A cura del Prof. Francesco Ercolani

Un'occasione da cogliere

Gli anniversari al di là delle possibili e facili retoriche, hanno sempre comunque rappresentato per gli uomini e le loro istituzioni, un importante momento di verifica e di riflessione; sicuramente una tappa saliente di un lungo percorso.
La Fondazione Cassa di Risparmio di Orvieto proprio in concomitanza di questo evento, ha sentito la necessità di rivolgersi alla comunità scolastica orvietana e soprattutto ai giovani che la rappresentano per cercare di dare una risposta alle grandi spinte innovative che ormai da tempo stanno investendo i nostri habitat umani; di qui l'istituzione di un Concorso di idee su tematiche libere ma allo stesso tempo caratterizzate da una forte progettualità.
E la prima riflessione che a questo punto possiamo fare, è che mai come in questo momento tale decisione fu più giusta e tempestiva sia per la fondazione che l'ha proposta sia per gli studenti destinatari che l'accoglieranno sicuramente come grande occasione di crescita individuale e collettiva.
Il titolo del concorso "LA ROCCA DELLE IDEE" è molto significativo e sensibile al luogo di origine: su tale rocca dovranno possibilmente arrivare buone idee che spingano questa comunità a confrontarsi con se stessa sulle proposte dei propri giovani, che rappresentano in definitiva il suo futuro.
Gli obiettivi del concorso sono tesi a valorizzare lo sviluppo economico sociale e civile del territorio orvietano, ad attivare ed ampliare le risorse umane degli studenti in termini di abilità e competenze, a sostenere l'innovazione e la modernizzazione attraverso l'utilizzo delle nuove tecnologie.
Le tematiche progettuali, pur libere come dicevamo, dovranno però attenersi ad un percorso che veda i nostri studenti muoversi all'interno di paletti obbligati ed essenziali allo stesso tempo quali:
· La definizione di una progettazione integrale che disegni almeno la "cornice" entro cui situare le fasi di realizzazione e le relative sequenze.
· La stesura di un realistico piano di fattibilità strutturale ed economica che indichi se possibile in linea di massima anche i percorsi per accedere alle necessarie risorse finanziarie.
· Una comunicazione efficace del prodotto, "letto" non solo come progetto, ma anche soprattutto come concreta risposta ai bisogni socio - economici di un territorio sicuramente poco conosciuto se non nelle parti più stereotipe facili e banali.

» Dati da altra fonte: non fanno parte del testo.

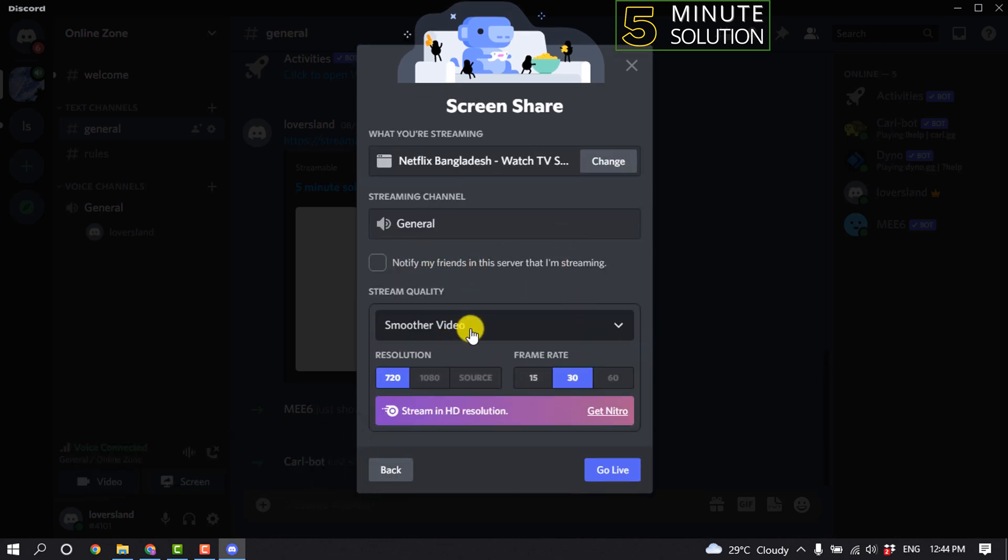Now you can select video stream quality and click on go live.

Naturalmente tutto ciò non è facile e sarebbe oltretutto scorretto e superficiale nasconderci le difficoltà dell'impresa ma sarebbe altrettanto intellettualmente disonesto costruirci comodi alibi non tanto per le nostre supposte incapacità, quanto per le nostre umane e comprensibili pigrizie mentali.
I processi di innovazione tecnologica ed informatica che abbiamo di fronte non sono più solo alle porte, ma stanno ormai da tempo e con forza dentro il tufo della "rocca", ben "piantati" nei nostri giorni, nelle nostre ore e secondi;
"Governare" questi processi piegandoli ad un uso sociale, collettivamente condiviso, e rispettoso del nostro territorio e delle sue radici, è la sfida che non possiamo rifiutare per "essere" ancora e "riconoscerci" come unici e legittimi titolari di questa nostra storia.